[How to complete this task] The entries below are to be restated exactly, and their images are to be omitted.

Items from a dataset:
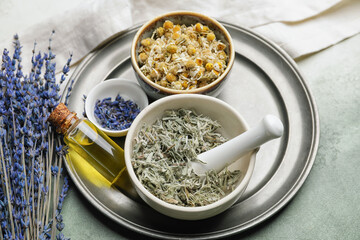 Composition with different herbs and bottle of essential oil on table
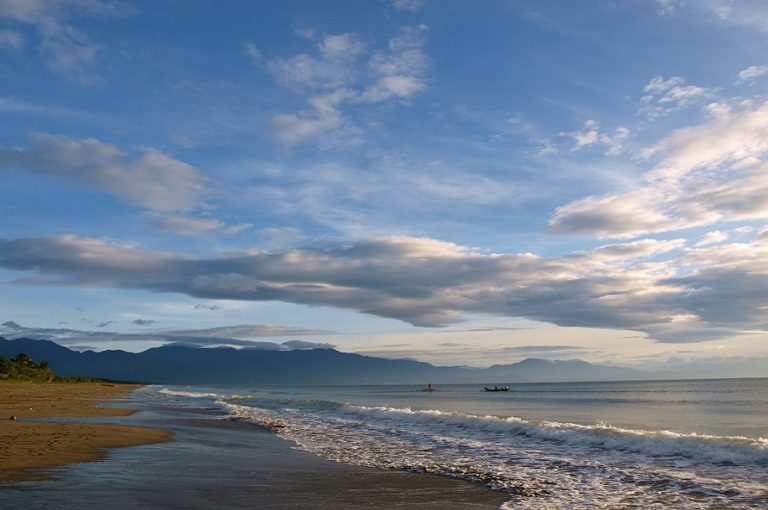 Voyage aux Philippines sur l'île Lucon : la plage, une barque et des montagnes au loin Akaoka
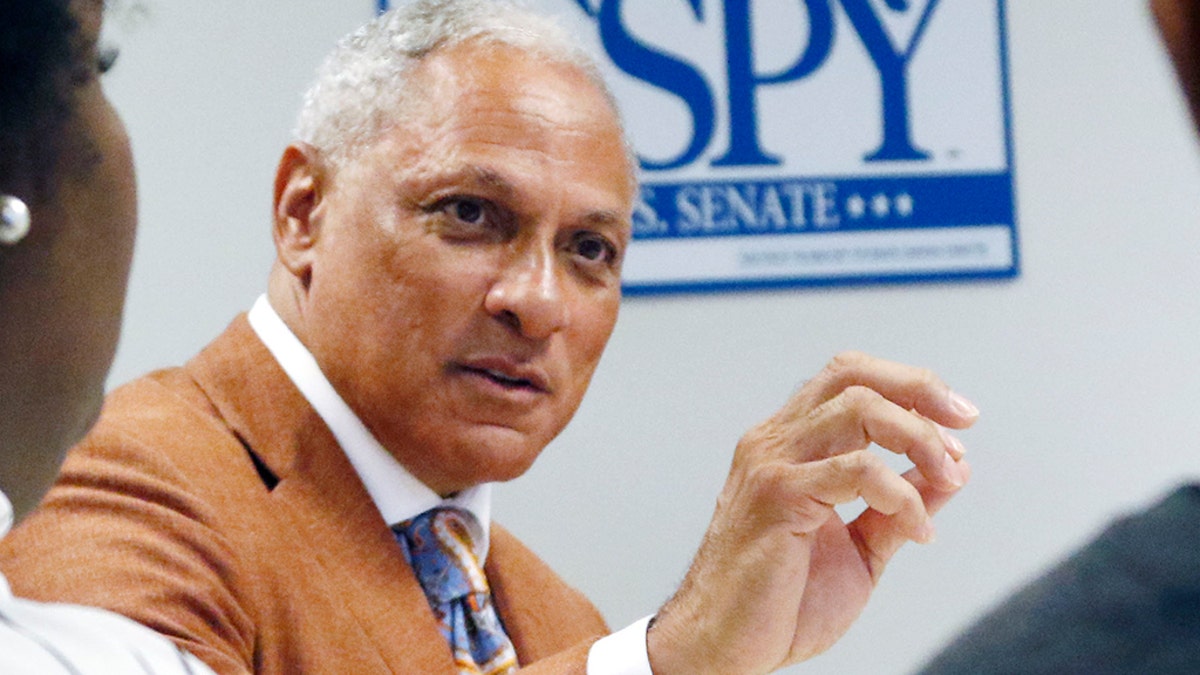 In this Oct. 5, 2018 photograph, Mike Espy, a former congressman and former U.S. agriculture secretary, speaks to college and high school students in a small forum on education in Jackson, Miss. Espy hopes to unseat appointed U.S. Sen. Cindy Hyde-Smith, R-Miss., and serve the last two years of the six-year term vacated when Republican Thad Cochran retired for health reasons. There are two other opponents in the non-partisan race. (AP Photo/Rogelio V. Solis)
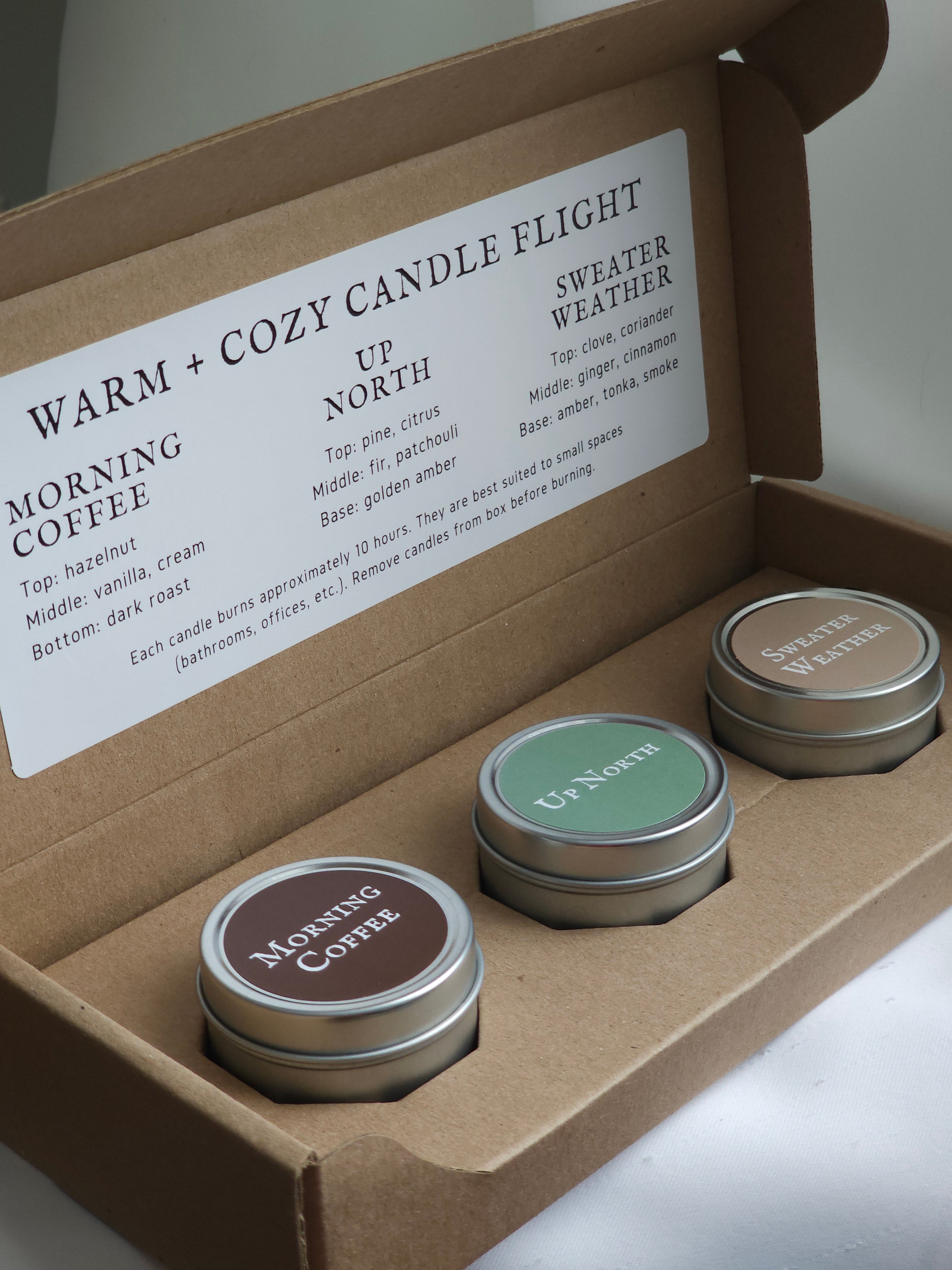 Three small candles in metal tins with labels in a cardboard box, featuring scents like 'Morning Coffee' and 'Sweater Weather'.
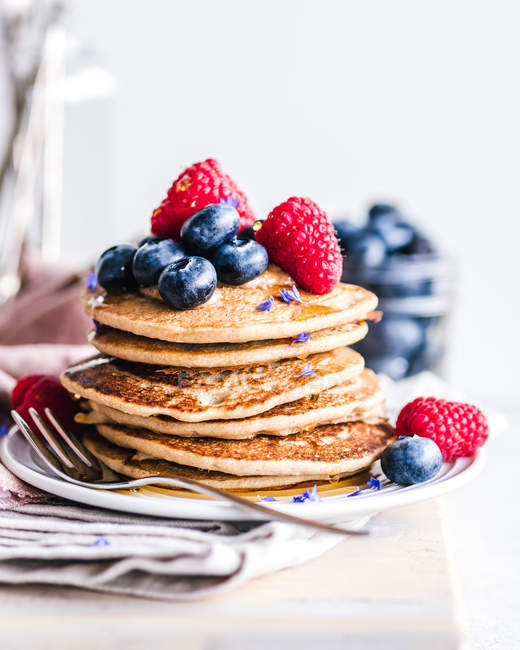 Stapel Pfannkuchen mit Blaubeeren, Himbeeren und Ahornsirup — Stockfoto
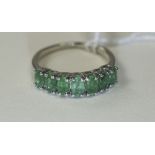 Emerald Band Ring, a row of seven, close set, oval cut emeralds of good colour,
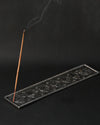 Incense stick burning at an angle in the 7 Chakra metal incense holder, a thin line of smoke rising.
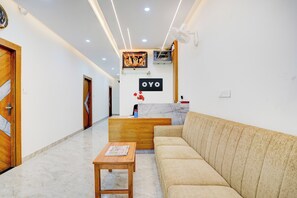 A reception area with a sofa, a wooden table, a reception desk, and a wall-mounted sign. - Hotel O AYODHYA RESIDENCY (Bangalore)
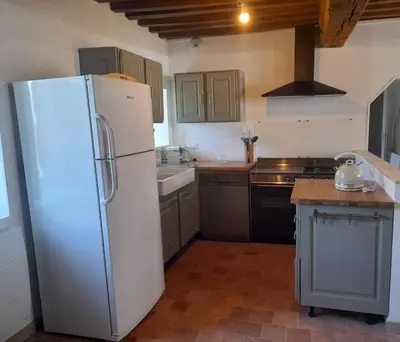 Cuisine ou kitchenette dans l'établissement Maison DU VERGER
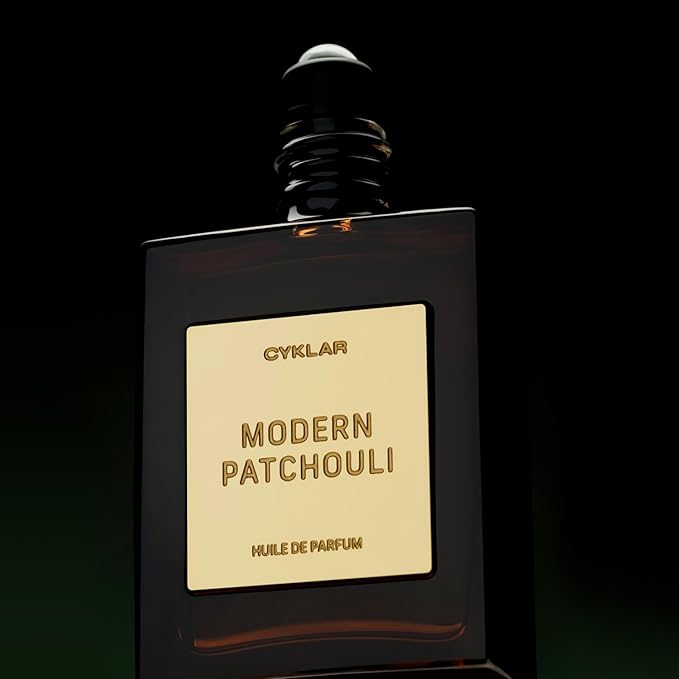 Perfume Oil Roll-On. Travel-Friendly Modern Patchouli Fragrance with Bergamot, Verbena, and Cashmere. Long-Lasting Essential Oil Parfum for Women and Men. 0.5 Fl Oz Scented Rollerball Bottle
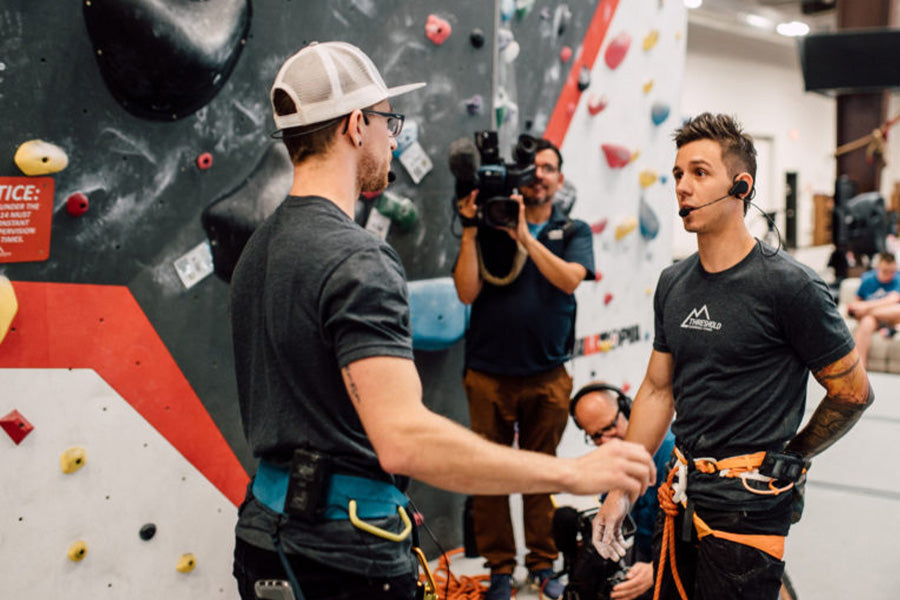 Justin and his climbing partner Matt talks strategy inside a climbing gym, surrounded by spectators. Both are wearing black t-shirts and a cameraman can be seen in the background between them.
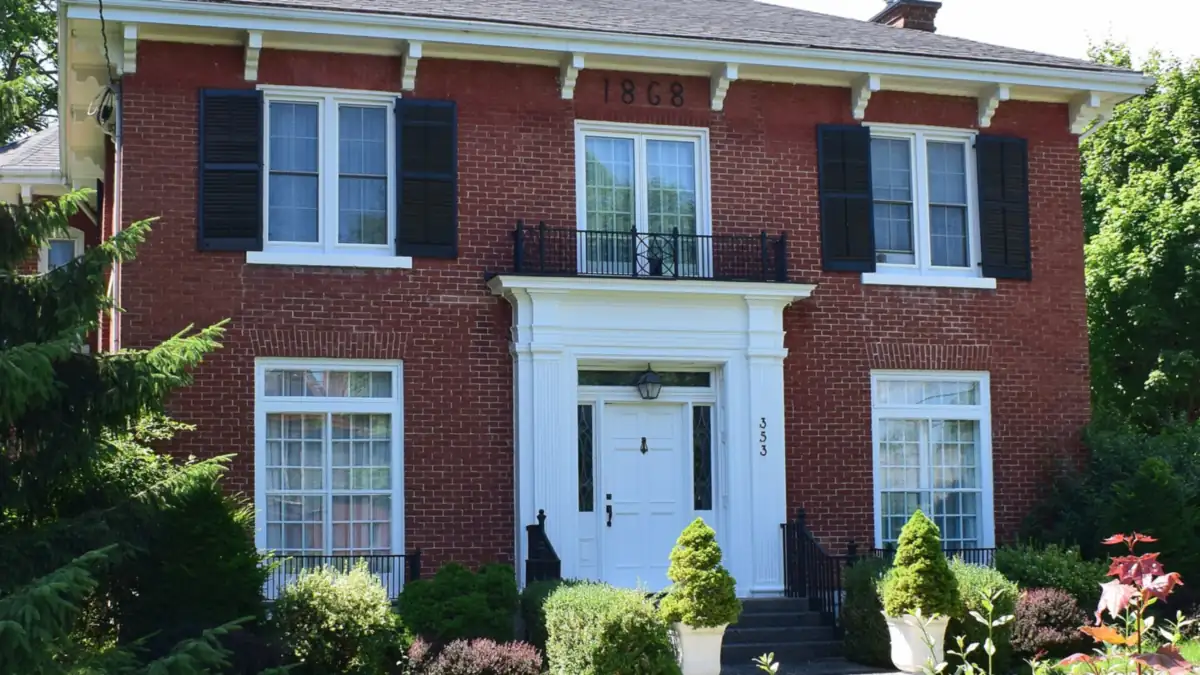 Red brick house with black shutters and a white front door framed by shrubs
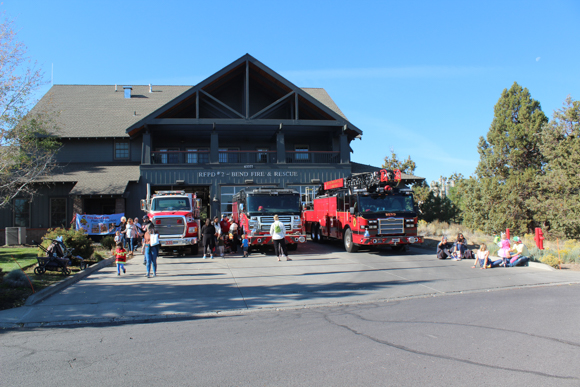 Firehouse with engines out front and people walking around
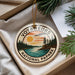 A circular ornament with the text "VOYAGUEURS NATIONAL PAPARK" and an illustration of a sunset over a lake surrounded by pine trees.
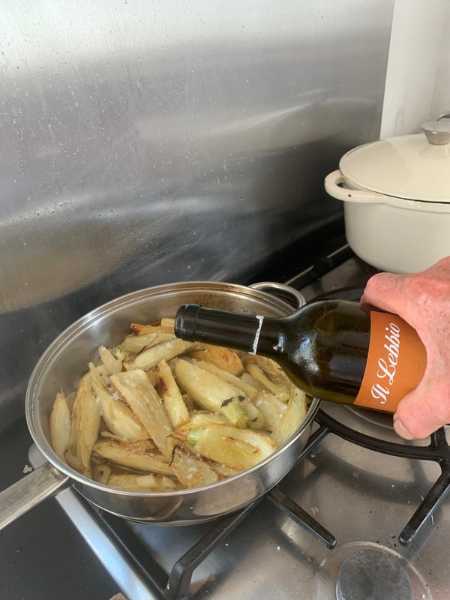 Adding a glass of wine to a frying pan of cooking fennel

[Answer box]
 Composition with different herbs and bottle of essential oil on table
 Voyage aux Philippines sur l'île Lucon : la plage, une barque et des montagnes au loin Akaoka
 In this Oct. 5, 2018 photograph, Mike Espy, a former congressman and former U.S. agriculture secretary, speaks to college and high school students in a small forum on education in Jackson, Miss. Espy hopes to unseat appointed U.S. Sen. Cindy Hyde-Smith, R-Miss., and serve the last two years of the six-year term vacated when Republican Thad Cochran retired for health reasons. There are two other opponents in the non-partisan race. (AP Photo/Rogelio V. Solis)
 Three small candles in metal tins with labels in a cardboard box, featuring scents like 'Morning Coffee' and 'Sweater Weather'.
 Stapel Pfannkuchen mit Blaubeeren, Himbeeren und Ahornsirup — Stockfoto
 Emerald Band Ring, a row of seven, close set, oval cut emeralds of good colour,
 Incense stick burning at an angle in the 7 Chakra metal incense holder, a thin line of smoke rising.
 A reception area with a sofa, a wooden table, a reception desk, and a wall-mounted sign. - Hotel O AYODHYA RESIDENCY (Bangalore)
 Cuisine ou kitchenette dans l'établissement Maison DU VERGER
 Perfume Oil Roll-On. Travel-Friendly Modern Patchouli Fragrance with Bergamot, Verbena, and Cashmere. Long-Lasting Essential Oil Parfum for Women and Men. 0.5 Fl Oz Scented Rollerball Bottle
 Justin and his climbing partner Matt talks strategy inside a climbing gym, surrounded by spectators. Both are wearing black t-shirts and a cameraman can be seen in the background between them.
 Red brick house with black shutters and a white front door framed by shrubs
 Firehouse with engines out front and people walking around
 A circular ornament with the text "VOYAGUEURS NATIONAL PAPARK" and an illustration of a sunset over a lake surrounded by pine trees.
 Adding a glass of wine to a frying pan of cooking fennel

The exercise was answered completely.